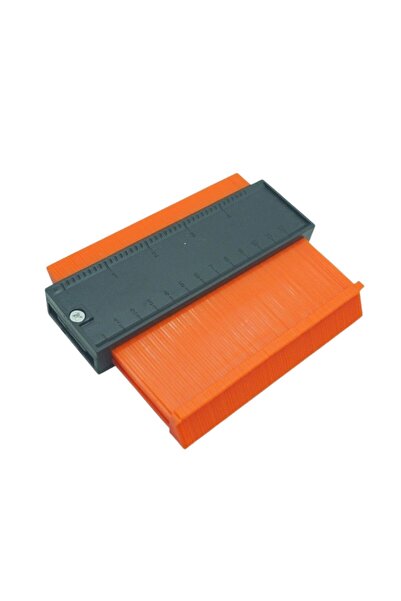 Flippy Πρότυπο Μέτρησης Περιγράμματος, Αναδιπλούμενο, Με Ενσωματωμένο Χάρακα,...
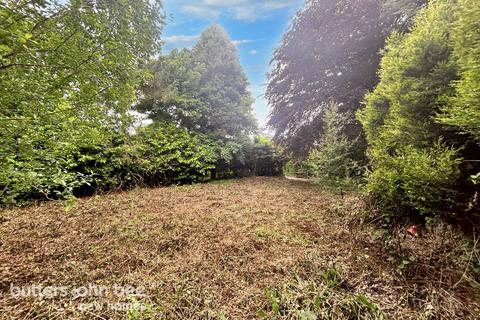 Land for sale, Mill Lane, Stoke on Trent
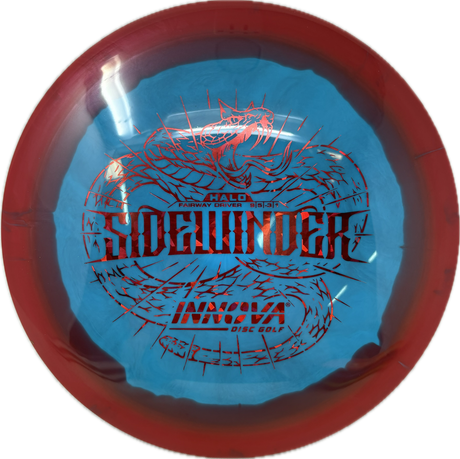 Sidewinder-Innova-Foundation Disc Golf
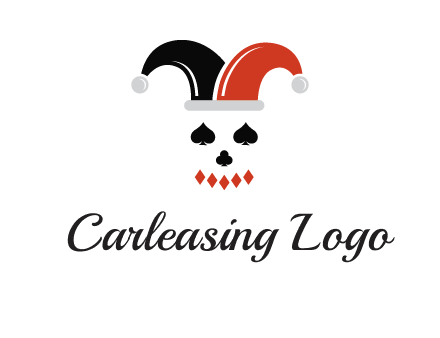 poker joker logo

### Problem to solve
Please copy out each line above exactly as written, but not the pictures.

### Answer for this exercise
 Flippy Πρότυπο Μέτρησης Περιγράμματος, Αναδιπλούμενο, Με Ενσωματωμένο Χάρακα,...
 Land for sale, Mill Lane, Stoke on Trent
 Sidewinder-Innova-Foundation Disc Golf
 poker joker logo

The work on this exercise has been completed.